Updated: Jul 5, 2023

A recent purchase I made at the end of the year was Substance Painter! I opted out of a subscription plan and have a stand alone version of Substance Painter itself. Although there are tons of different materials to choose from and I can create new ones out of existing content just by adjusting some parameters and settings, I also had texture maps that I had made or downloaded that I wanted to add into it.




The only problem was that I couldn't find much on how to really accomplish this. I saw ways to duplicate materials, import resources, create smart materials with custom settings, but to just add in texture maps and create a brand new material that I could manipulate later seemed impossible.


The general answer I found was that I needed to just use Substance Designer to create materials or download from Source, Share or another option. All of which are legit answers and a smart way to go if you want maximum customization of your materials.




That wasn't what I wanted at the moment though. I needed to create a material from a texture map I made. Luckily after a few videos, forums and documentation searching I was able to figure out how to go about doing just that!




The best method is to open up Substance Painter and open one of the sample projects as this will give you an empty Layer to work with. Once you do that, import your resources "Texture Maps" that you want to bring in and label them as a texture. Whether you choose to save them to your shelf for all projects or just the active project is up to you.







Now that you have your maps brought in, you need to add them to the appropriate channel attributes of your layer. So if you have a normal, emissive, or any particular type of texture map you brought in, you will need to have them turned on.




Once you have all the channels turned on that you need, You can start dragging your texture files over. This is the easy part, you just navigate to your texture folder (If your imports aren't already showing from the import process) and drag the appropriate texture onto the correct field.




If you have a metallic map, you just drag it onto the box that says "Metallic", and continue to do that to all the fields you want to add a texture to. In some cases you may have a texture map but don't want to add anything to it. Metallic or Roughness would be a good example if you want to be able to manipulate those fields later on.

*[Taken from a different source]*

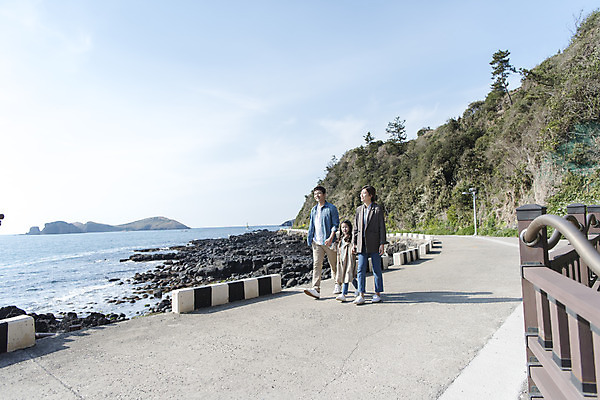 포토 JPG 주간 전신 여자 남자 딸 행복 어린이 바다 여행 가족 엄마 가족여행 성인 야외 옆모습 세명 30대 제주도 걷기 맑음 화목 봄 한국인 가족라이프 아빠 핵가족 즐거움 봄여행 수월봉 국내포토 자연요소 라이프스타일 계절 감정 뷰포인트 컨셉 관계 모션 날씨 산 한국 사람 동양인 장년 파일형식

Once you have all your fields complete and the material looks the way you want it to, you can now save it to your material library.


Right Click the Material Mode and select "Create Material Preset". This will add it to your material library to be accessed anytime you open up Substance Painter.


The final step would be to rename it to what you want it called. Right click the material and rename the file.


If you also notice, you can make changes or export your material to other locations on the window above.


Now that we are complete we have a finished material you can drag start to add to your project!




Just like all materials, you can adjust the scale, rotation, and so on once you apply it to an object. Obviously you will want to make sure you have a seamless texture for that to work right along with your UV's mapped properly but that can be done in another program or on import of your object.